Eine Frau steht hinter einem Puppenhaus.

Deutsch lernen, Selbstvertrauen gewinnen, Zukunft gestalten: Dabei unterstützt Ingrid Lang die Frauen im Haus für Mutter und Kind.

Eine Stunde, die Mut macht

Ingrid Lang wollte ihre freie Zeit nicht einfach verstreichen lassen. Sie wollte sie jemandem schenken, der sie braucht: Frauen, die einen Neuanfang wagen.

Als sich ihre Arbeitszeit in einer Ordination vor vier Jahren reduzierte, stand für Ingrid Lang schnell fest: Die gewonnene Zeit wollte sie sinnvoll einsetzen. Sie wollte etwas bewirken. Auf der Suche nach einer passenden freiwilligen Tätigkeit stieß sie auf das Haus für Mutter und Kind in Linz-Urfahr. Ein Klick auf die Website genügte – und kurze Zeit später war ihr neues Engagement gefunden.

Seitdem kommt die gebürtige Eferdingerin jede Woche für eine Stunde ins Haus. Dort unterstützt sie Frauen dabei, Deutsch zu lernen und sich auf Prüfungen vorzubereiten. Für viele Bewohnerinnen ist die Sprache der Schlüssel zu einem selbstbestimmten Leben. Ingrid Lang begleitet sie auf diesem Weg. „Ich freue mich sehr, wenn ich sehe, wie sie es Schritt für Schritt schaffen das Vergangene hinter sich zu lassen und ihr Leben selbstständig in den Griff zu bekommen“, erzählt die 61-Jährige.

Besonders in Erinnerung geblieben ist ihr die Zeit mit einer jungen Syrerin, die sie eineinhalb Jahre lang begleitete. Aus den gemeinsamen Lernstunden entstand weit mehr als reine Sprachförderung. Als Unterstützung bei Behördenwegen nötig war, fuhr Ingrid Lang sogar mit ihr und deren vierjähriger Tochter nach Wien zur Botschaft. „Wir waren einfach auf einer Wellenlänge“, sagt sie rückblickend.

Was sie antreibt, ist ein einfacher Wunsch: „Ich wünsche mir, dass die Frauen einen Weg finden, zufrieden und sorgenfrei zu leben.“ Dafür brauche es Anlaufstellen, an die sie sich wenden können, und Menschen, die zuhören, begleiten und da sind. Menschen, die zeigen: Du musst deinen Weg nicht allein gehen.
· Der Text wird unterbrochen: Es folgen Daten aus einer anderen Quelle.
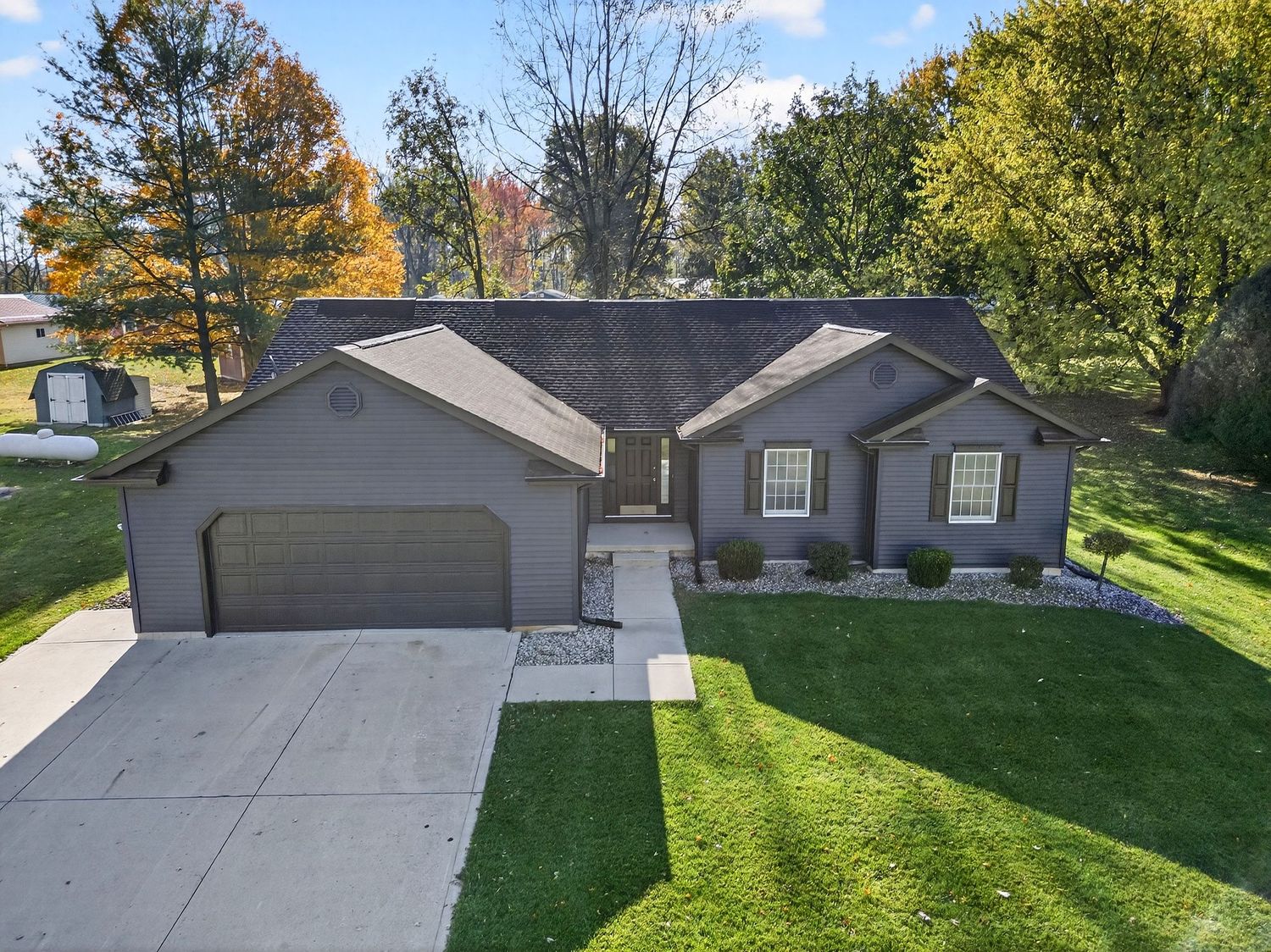 Aerial view of a residential home with a long driveway and well-maintained green lawn on a sunny autumn day.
Für Ingrid Lang selbst ist das freiwillige Engagement längst zu einer Bereicherung geworden. Die Begegnungen mit Frauen in herausfordernden Lebenssituationen haben ihren Blick verändert. „Sie haben mich nachdenklich und dankbar für mein eigenes Leben gemacht. Für die Frauen sind viele Schritte notwendig, um wieder zu einem erfüllten Leben zu kommen.“

Gerade deshalb hält sie freiwilliges Engagement heute für wichtiger denn je. „Mit vergleichsweise wenig Zeit kann man unglaublich viel bewirken. Man gibt anderen Hoffnung und bekommt selbst sehr viel zurück.“

Ihre eigene Wirkung verdoppelt sie sogar: Neben ihrem Einsatz im Haus für Mutter und Kind unterstützt sie auch Kinder und Jugendliche im Lerncafé Auwiesen bei den Hausaufgaben. Für sie ist klar: Wer sich engagiert, verändert Leben. Oft nicht nur das Leben anderer, sondern auch das eigene.